> _Exercise requirements_:
Look at the data below and print exactly the lines from its first line through the line with "LOUIS VUITTON Monogram Sac Plat金扣手挽袋"; the pictures stay out of the copy.

> _Material to process_:
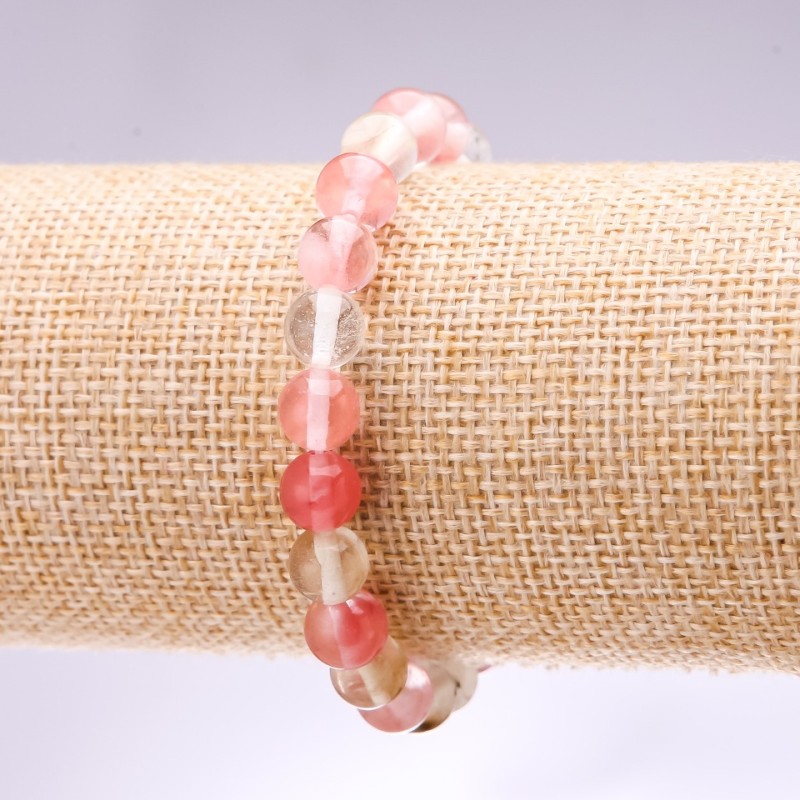 Bransoletka z chalcedonu – gładkie kuleczki, średnica 8 mm, długość 18 cm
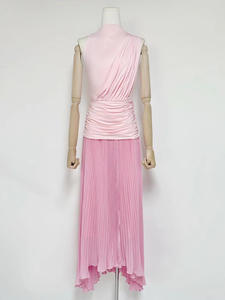 Nuovo Arrivo: Abito <span class=keywords><strong>Lungo</strong></span> Rosa da Donna <span class=keywords><strong>Monospalla</strong></span> con Collo Alto e Pieghe per Uso Quotidiano - Product Image 5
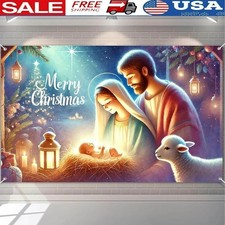 Nativity Scene Backdrop Christmas Banner Peace Love Faith Photography Decor New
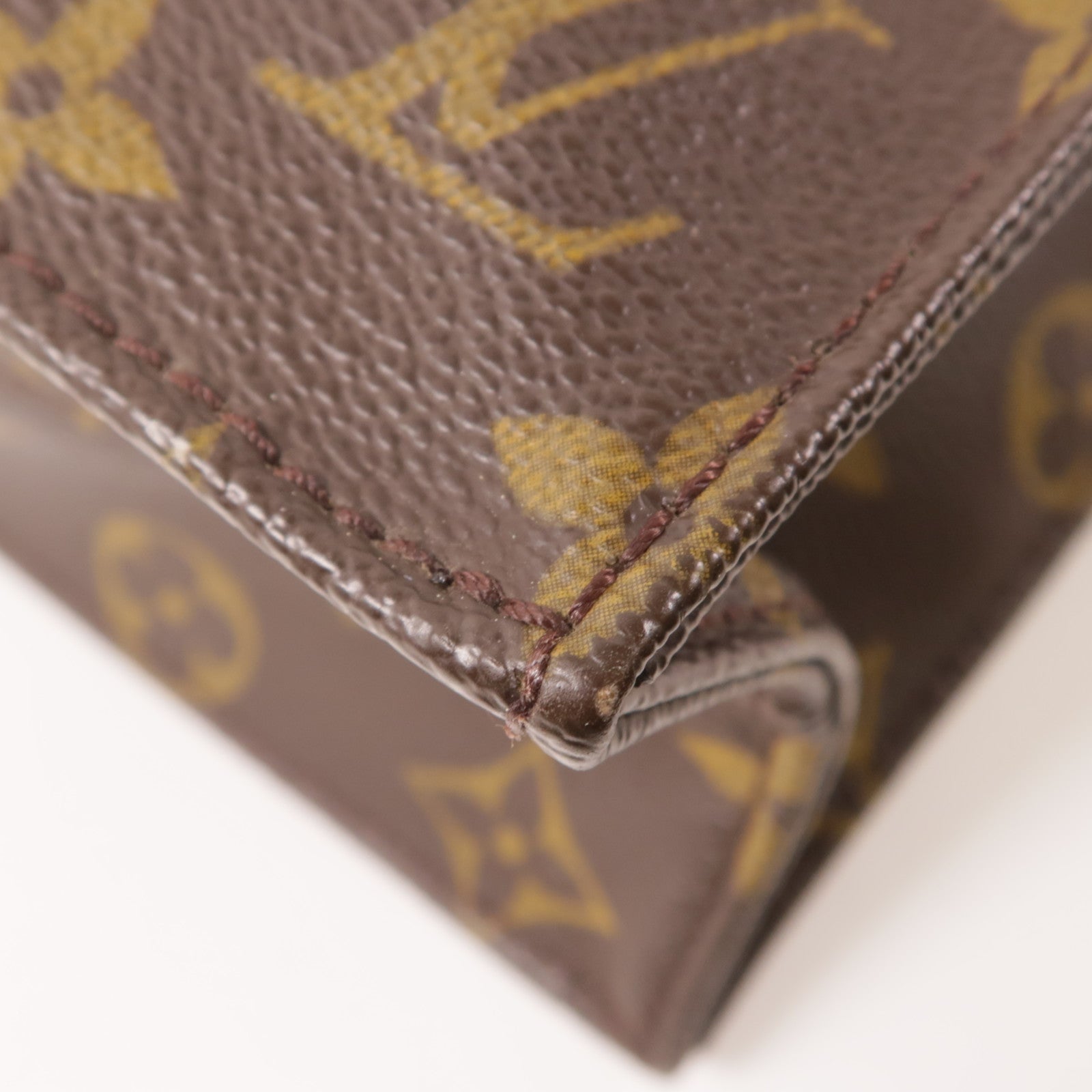 LOUIS VUITTON Monogram Sac Plat金扣手挽袋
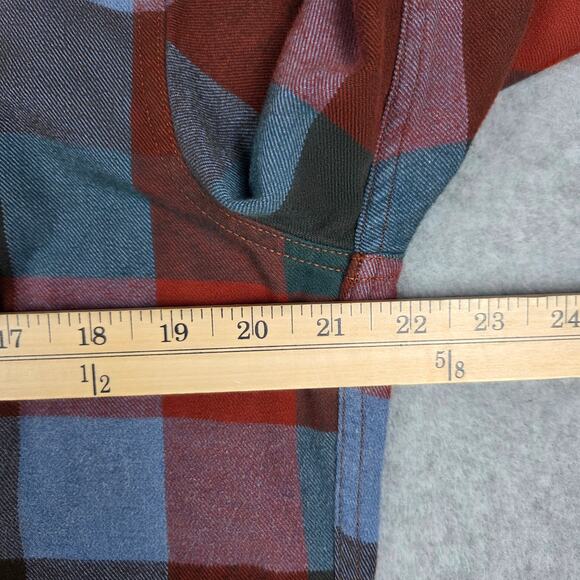 Eddie Bauer Mens Large Red Green Blue Slim Fit Plaid Flannel - Picture 8 of 10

> _Answer area_:
 Bransoletka z chalcedonu – gładkie kuleczki, średnica 8 mm, długość 18 cm
 Nuovo Arrivo: Abito <span class=keywords><strong>Lungo</strong></span> Rosa da Donna <span class=keywords><strong>Monospalla</strong></span> con Collo Alto e Pieghe per Uso Quotidiano - Product Image 5
 Nativity Scene Backdrop Christmas Banner Peace Love Faith Photography Decor New
 LOUIS VUITTON Monogram Sac Plat金扣手挽袋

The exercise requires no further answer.